Anti-Patterns in Tech Cost Management: No ongoing reviews

2024-03-11

Series Index

Introduction
Anti-Pattern 1: Not considering scale
Anti-Pattern 2: Bad cloud strategy
Anti-Pattern 3: Inability to assign/attribute costs
Anti-Pattern 4: No metrics or bad metrics
Anti-Pattern 5: Not designing it in
Anti-Pattern 6: Cost management as a standalone
Anti-Pattern 7/8: No ongoing reviews (current and potential)
Anti-Pattern 9: Across the board cuts
Anti-Pattern 10: “A tool will solve the problem!”
Anti-Pattern Bonus: Don’t do rewards programs!
A few thoughts: Three things you can do right now, for yourself and your team
Wrap up

Today I’ll deal with two anti-patterns at once, in part because they are related and in part because I took the day off and missed posting yesterday.

Anti-pattern 7: No ongoing review of utilization/spend

The first is a failure to review spending on an ongoing and consistent basis. All the metrics in the world don’t matter if they’re not being reviewed regularly and consistently and used to identify issues. This can be the result of a number of poor practices that I’ve observed in the field.
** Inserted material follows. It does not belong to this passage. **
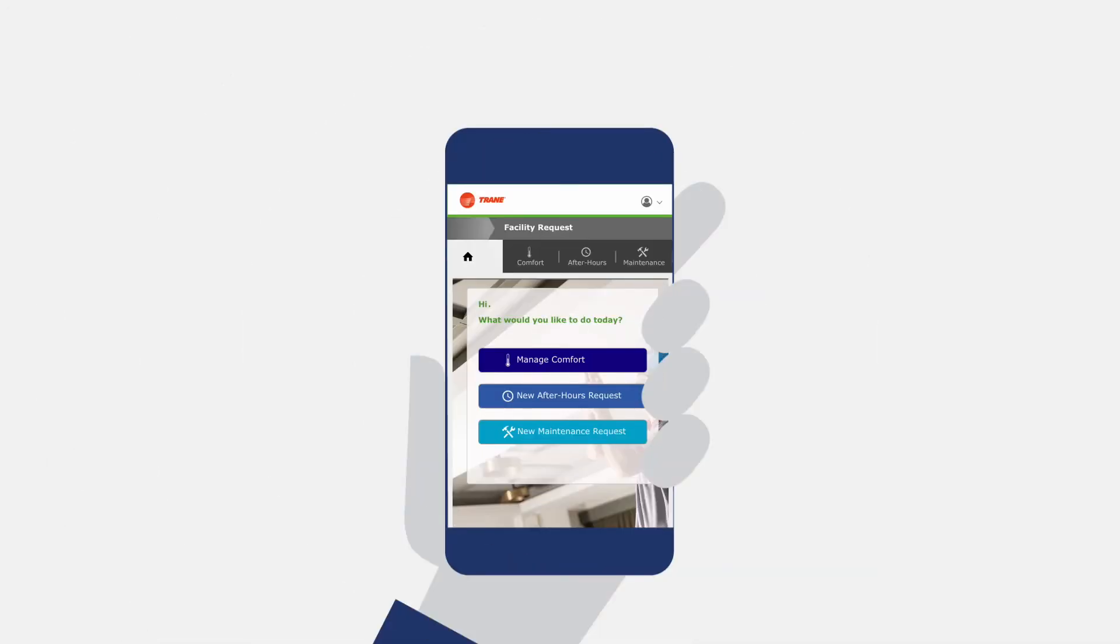Tracer Ensemble's tenant services allows you to enable occupants to control when and how they use cost generating building systems. Then you can track and invoice for the actual use. It's an easy and fair way to allocate operating costs.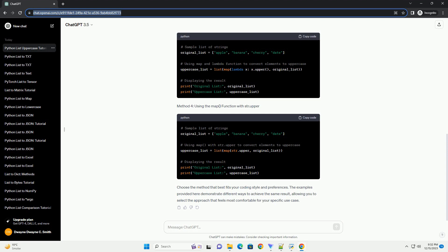ChatGPT Title: Python Tutorial: Converting List Elements to Uppercase. Introduction: In Python,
The first is a general reluctance to share cost data. This is a core mistake. While it may not be a good idea (or even permissible) to share details like enterprise discounts from cloud providers, it is rarely a problem to share the baseline costs of the various services consumed. These may not be completely accurate, but it is rare that they are not directionally correct. Another reason for failure to share this information is cultural — the assumption that anything involving dollars should be retained in the finance department or at most shared with senior managers. Engineering teams may know things like GB of data stored, or the number of vCPUs active, or stupid things like “cpu utilization,” but they don’t know the costs. This is at odds with anything else we want engineers to be able to act in, in which we not only ensure that they have the data, but that feedback loops are short and are designed to be acted on quickly. Cost should be managed the same way.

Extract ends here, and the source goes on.